Parse trees are a graphical IR with a node for each grammar symbol in the derivation. An AST is a parse tree without most of the non-terminals. A Directed Acyclic Graph (DAG) is a graphical IR like an AST with common sub-expressions factored out.

Control Flow Graphs (CFGs) model the flow of control between the basic blocks in a program. A basic block is a maximal-length sequence of branch-free code.

One-address code is a linear IR which models the behaviour of a stack machine. It has a stack of operands which are popped, evaluated and then pushed back. For example, stack machine code for $a-2 \times b$ would be

push 2
push b
multiply
push a
subtract

Stack machine code is simple to generate and execute. Java uses bytecode which uses one byte or less for opcodes which are run in an interpreter.

Three-address code is another linear IR. For example, $a-2 \times b$ becomes

T1 = 2
T2 = b
T3 = T1 * T2
T4 = a
T5 = T4 - T3

where Tn is a temporary register name.

Many modern processors implement three-address operations, so it is a good IR for modelling real assembly.

An address in three-address code can be one of the following

  • Name
  • Constant
  • Compiler generated temporary name

Valid three-address code instructions are

  • Binary assignment x = y op z
  • Unary assignment x = op y
  • Copy x = y
  • Unconditional jump goto L
  • Conditional jump if x goto L
  • Procedure call
param x1
...
param xn
call p, n
  • Indexed copy x = y[i] or x[i] = y
  • Address assignments x = &y
  • Pointer assignments x = *y or *x = y

Three-address code can be stored using

  • Quadruples - Four fields: op, arg1, arg2 and result. More space but easier to optimise
  • Triples - Three fields: op, arg1, arg2. Less space but harder to optimise
  • Indirect triples - Listing of pointers to triples. Optimisation is easier

Structural IRs are usually considered high level as they are explicitly related to the source code. Linear IRs are usually considered low level, but not always.
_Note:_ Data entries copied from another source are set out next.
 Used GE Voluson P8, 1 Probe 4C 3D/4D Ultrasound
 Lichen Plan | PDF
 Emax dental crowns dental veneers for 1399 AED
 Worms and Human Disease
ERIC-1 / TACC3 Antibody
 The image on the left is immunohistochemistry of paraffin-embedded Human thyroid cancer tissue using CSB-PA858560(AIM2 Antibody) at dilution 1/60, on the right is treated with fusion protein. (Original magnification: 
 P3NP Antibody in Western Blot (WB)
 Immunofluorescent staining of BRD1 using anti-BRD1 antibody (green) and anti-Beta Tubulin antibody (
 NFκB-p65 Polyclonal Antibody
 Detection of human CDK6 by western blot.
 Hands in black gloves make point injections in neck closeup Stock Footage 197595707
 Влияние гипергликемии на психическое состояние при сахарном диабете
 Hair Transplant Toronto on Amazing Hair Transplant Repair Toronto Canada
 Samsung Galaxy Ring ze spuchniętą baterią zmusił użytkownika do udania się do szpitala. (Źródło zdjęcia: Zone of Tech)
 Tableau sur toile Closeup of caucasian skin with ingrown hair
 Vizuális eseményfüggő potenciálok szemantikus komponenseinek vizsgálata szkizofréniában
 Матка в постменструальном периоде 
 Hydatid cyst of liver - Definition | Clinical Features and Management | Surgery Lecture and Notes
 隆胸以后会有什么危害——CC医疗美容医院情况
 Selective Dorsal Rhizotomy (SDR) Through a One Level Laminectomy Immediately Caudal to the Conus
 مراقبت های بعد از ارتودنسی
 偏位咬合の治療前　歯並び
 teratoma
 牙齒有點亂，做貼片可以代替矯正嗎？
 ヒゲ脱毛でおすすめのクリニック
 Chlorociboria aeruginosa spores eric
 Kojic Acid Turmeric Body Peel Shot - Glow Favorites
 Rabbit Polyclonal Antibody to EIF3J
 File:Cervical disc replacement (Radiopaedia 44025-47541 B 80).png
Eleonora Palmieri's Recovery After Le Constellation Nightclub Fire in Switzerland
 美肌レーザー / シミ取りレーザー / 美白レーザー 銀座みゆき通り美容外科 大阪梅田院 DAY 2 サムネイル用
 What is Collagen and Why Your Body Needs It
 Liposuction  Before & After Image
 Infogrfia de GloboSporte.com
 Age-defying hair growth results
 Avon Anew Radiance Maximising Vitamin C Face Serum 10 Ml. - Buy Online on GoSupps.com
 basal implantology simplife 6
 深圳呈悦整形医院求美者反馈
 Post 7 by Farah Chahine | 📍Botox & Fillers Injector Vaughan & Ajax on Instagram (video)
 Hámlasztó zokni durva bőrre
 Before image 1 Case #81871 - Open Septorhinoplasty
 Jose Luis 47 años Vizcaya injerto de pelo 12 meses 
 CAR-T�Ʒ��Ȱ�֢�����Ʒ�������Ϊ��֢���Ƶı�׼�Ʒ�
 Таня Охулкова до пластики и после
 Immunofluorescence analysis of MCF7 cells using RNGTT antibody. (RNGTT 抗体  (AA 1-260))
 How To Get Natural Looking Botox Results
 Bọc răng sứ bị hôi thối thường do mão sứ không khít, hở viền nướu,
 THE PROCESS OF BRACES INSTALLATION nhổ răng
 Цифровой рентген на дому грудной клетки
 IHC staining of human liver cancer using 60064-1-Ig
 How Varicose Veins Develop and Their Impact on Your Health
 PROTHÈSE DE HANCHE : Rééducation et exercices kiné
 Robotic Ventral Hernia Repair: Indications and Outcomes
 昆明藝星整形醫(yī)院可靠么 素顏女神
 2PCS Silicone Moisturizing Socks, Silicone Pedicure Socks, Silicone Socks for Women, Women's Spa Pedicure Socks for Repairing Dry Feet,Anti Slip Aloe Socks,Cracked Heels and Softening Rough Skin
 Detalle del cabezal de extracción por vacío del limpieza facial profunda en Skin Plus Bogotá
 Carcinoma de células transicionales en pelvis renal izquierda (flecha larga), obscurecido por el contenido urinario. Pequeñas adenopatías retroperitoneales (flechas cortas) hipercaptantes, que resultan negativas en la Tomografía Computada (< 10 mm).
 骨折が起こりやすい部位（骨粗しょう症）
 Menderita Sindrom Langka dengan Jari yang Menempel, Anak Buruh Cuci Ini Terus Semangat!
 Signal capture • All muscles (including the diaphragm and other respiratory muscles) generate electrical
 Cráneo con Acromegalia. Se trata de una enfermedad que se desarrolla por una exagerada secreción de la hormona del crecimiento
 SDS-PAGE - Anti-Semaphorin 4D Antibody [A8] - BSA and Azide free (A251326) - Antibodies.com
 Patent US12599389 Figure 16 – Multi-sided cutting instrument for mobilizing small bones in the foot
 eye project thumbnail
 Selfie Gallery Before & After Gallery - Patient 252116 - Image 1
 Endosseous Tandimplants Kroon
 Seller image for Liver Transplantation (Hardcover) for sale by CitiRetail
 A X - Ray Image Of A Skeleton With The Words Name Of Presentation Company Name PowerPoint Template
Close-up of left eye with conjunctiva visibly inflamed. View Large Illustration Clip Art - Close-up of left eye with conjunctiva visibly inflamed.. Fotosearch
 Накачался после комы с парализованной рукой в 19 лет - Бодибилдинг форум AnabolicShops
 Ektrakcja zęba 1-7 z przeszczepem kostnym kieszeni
Static single-assignment (SSA) form is an intermediate representation that facilitates certain code optimisations. In SSA form, names correspond uniquely to specific definition points in the code. SSA uses the phi function to combine two definitions of a variable, such as for a conditional statement.

Relative addresses are computed at compile time for local declarations. Types and relative addresses are stored in a symbol table entry for the variable. Data of varying length like arrays are handled by reserving space for a pointer to the start.

Symbol tables are data structures that are used by compilers to hold information about source-program constructs such as identifiers, arrays, structs and functions.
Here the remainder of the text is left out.